▸ **Task description**
Leaving out the pictures, retype the lines from the beginning of the listing through the line containing "Fashion Spring Long".

▸ **Record extracts**

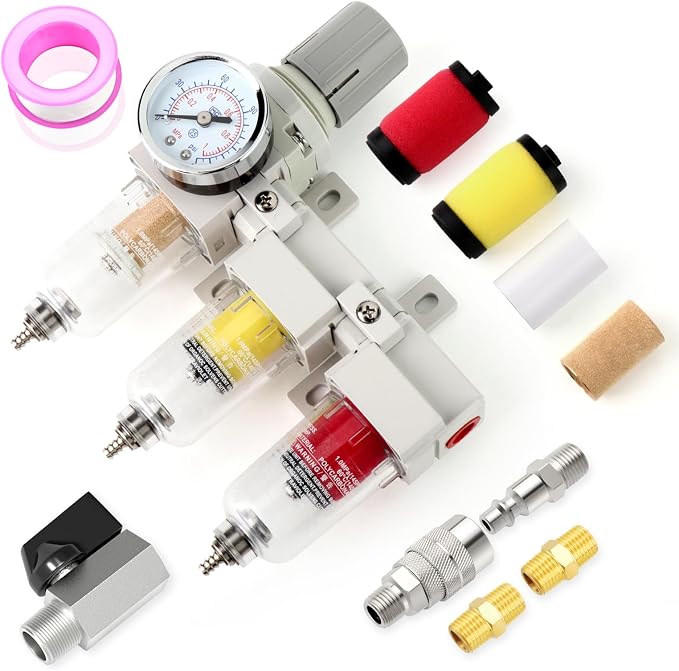 1/4" NPT 3 Stage Air Drying System, Coalescing Filter, Particulate Filter and by MEANLINMEASURE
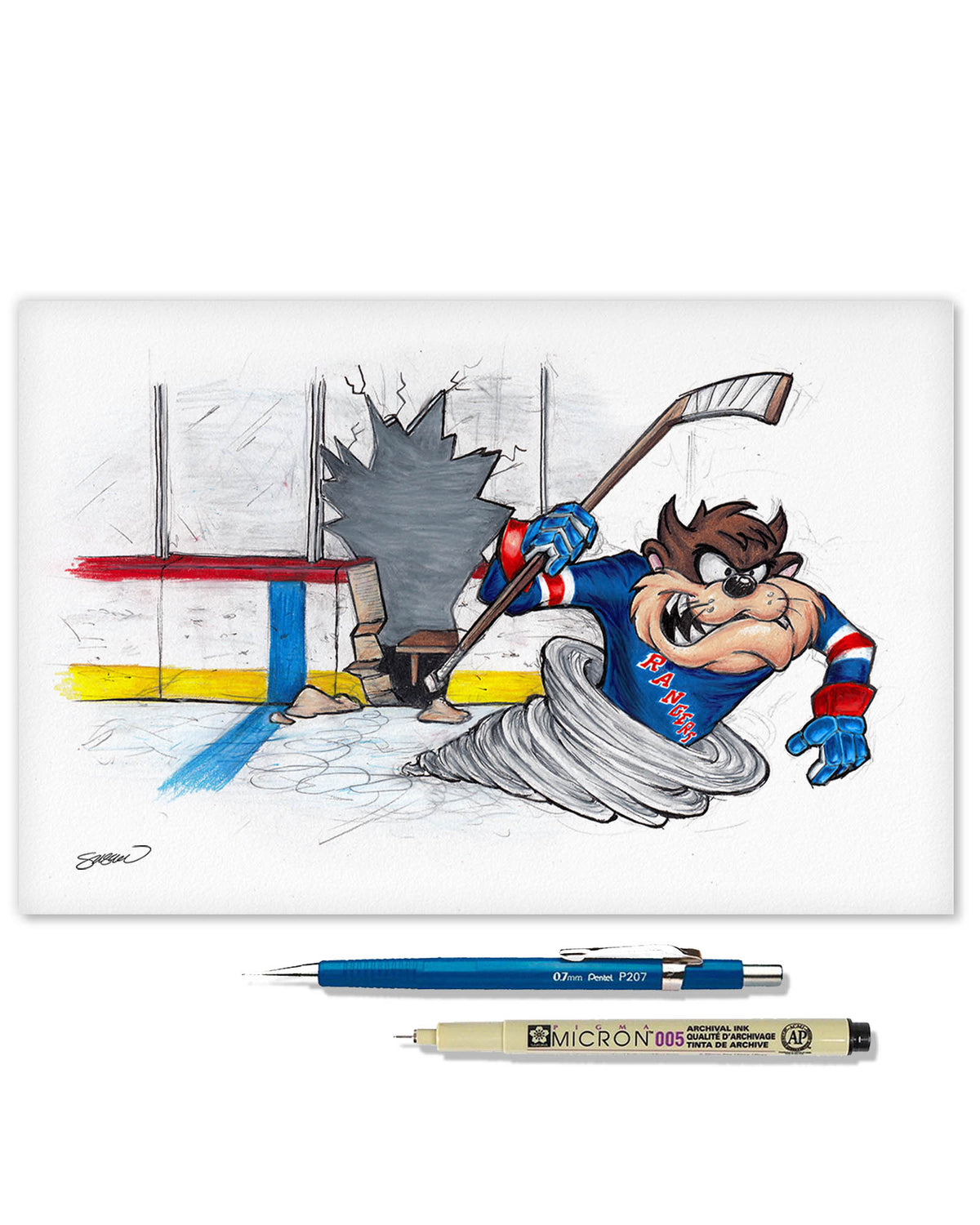 Tazmanian Line Change x NHL Rangers Tazmanian Devil Limited Edition Fine Art Print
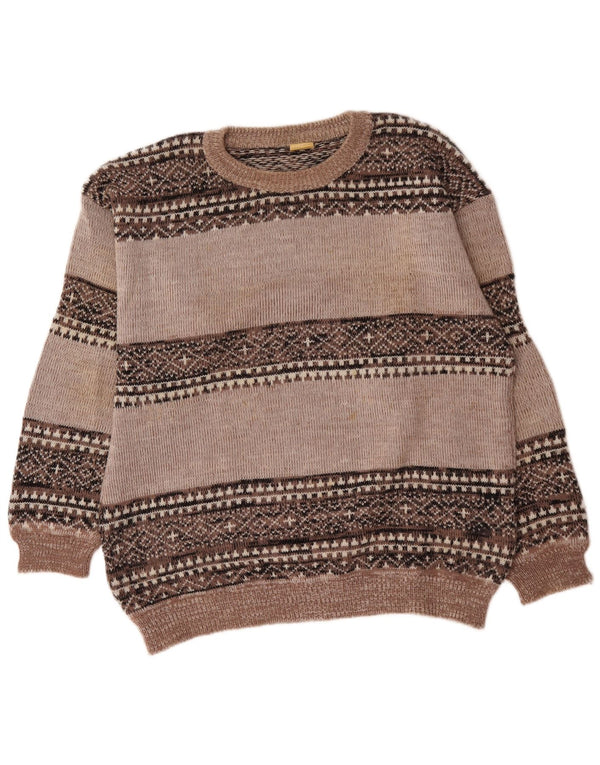 Vintage męski sweter z okrągłym dekoltem XL, szary, akryl Fair Isle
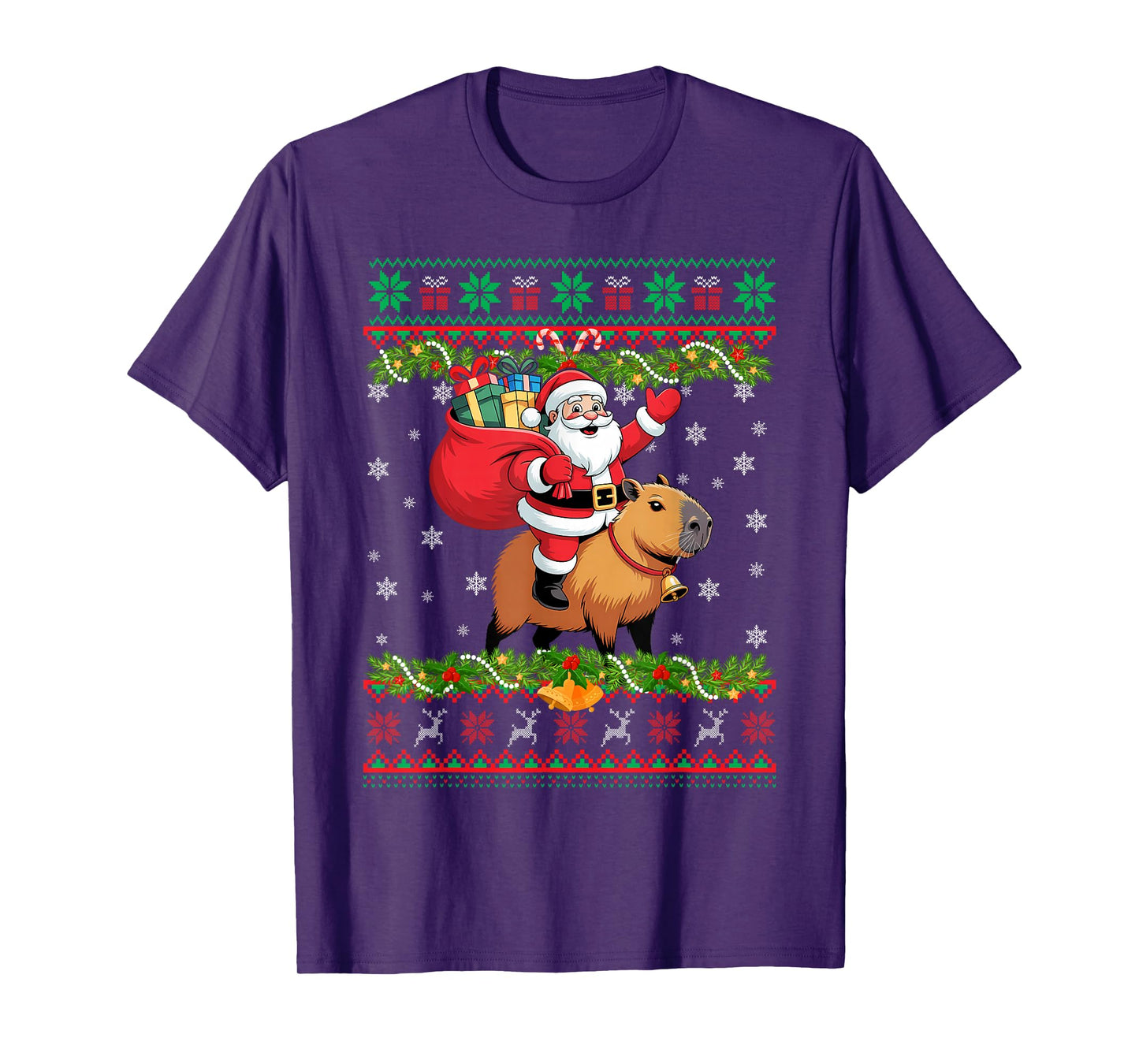 Xmas Pajamas Ugly Santa Riding Capybara Christmas T-Shirt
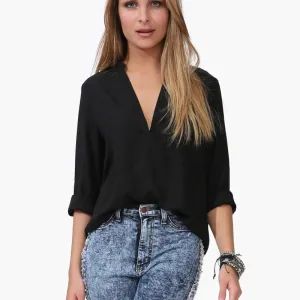Fashion Spring Long Sleeve V-neck Chiffon Vintage T Shirt Tops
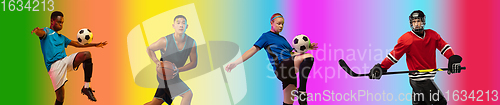 Image of Sport collage of professional athletes on gradient multicolored background, flyer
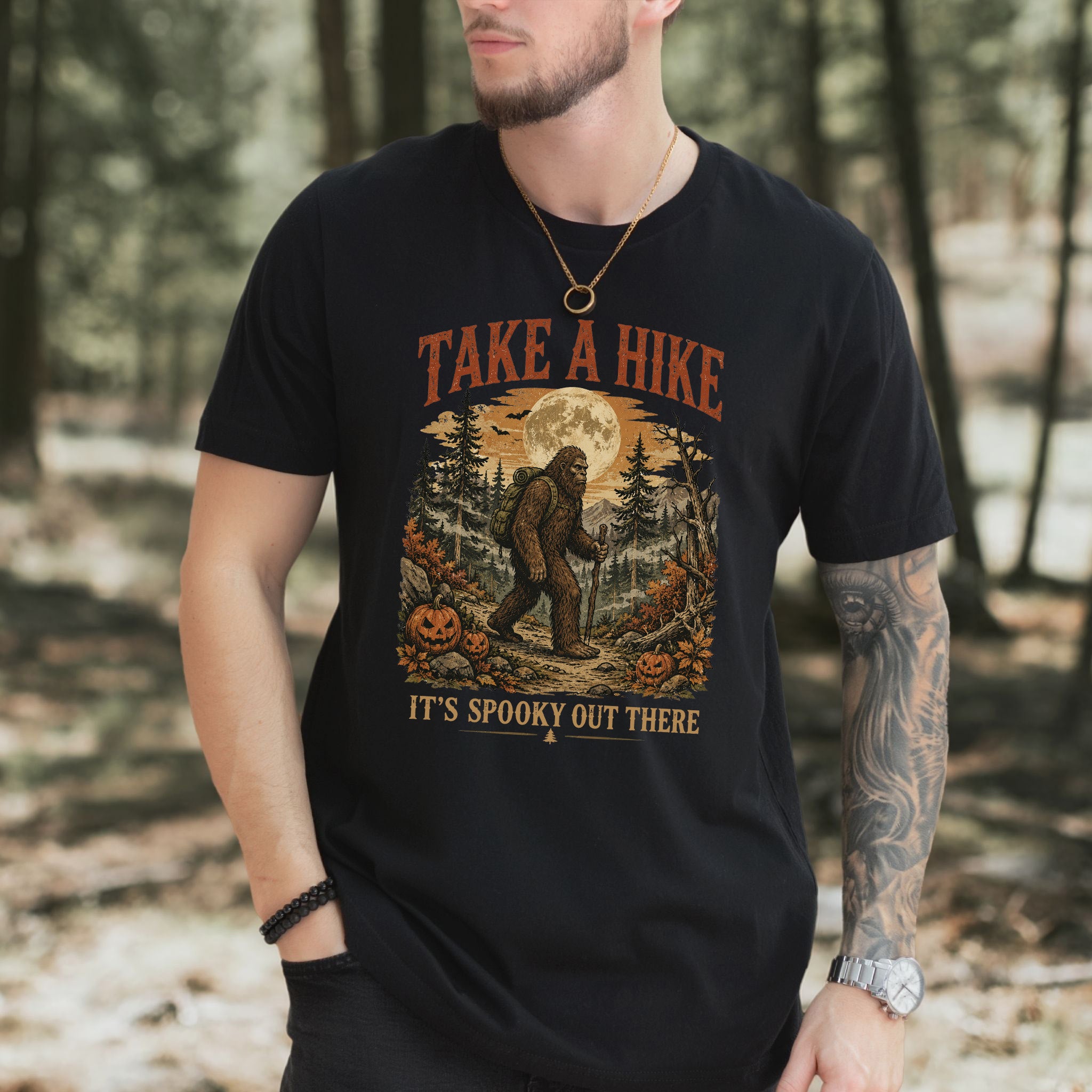 Take a Hike It’s Spooky Out There Sasquatch Halloween T-Shirt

▸ **Response below**
 1/4" NPT 3 Stage Air Drying System, Coalescing Filter, Particulate Filter and by MEANLINMEASURE
 Tazmanian Line Change x NHL Rangers Tazmanian Devil Limited Edition Fine Art Print
 Vintage męski sweter z okrągłym dekoltem XL, szary, akryl Fair Isle
 Xmas Pajamas Ugly Santa Riding Capybara Christmas T-Shirt
Fashion Spring Long Sleeve V-neck Chiffon Vintage T Shirt Tops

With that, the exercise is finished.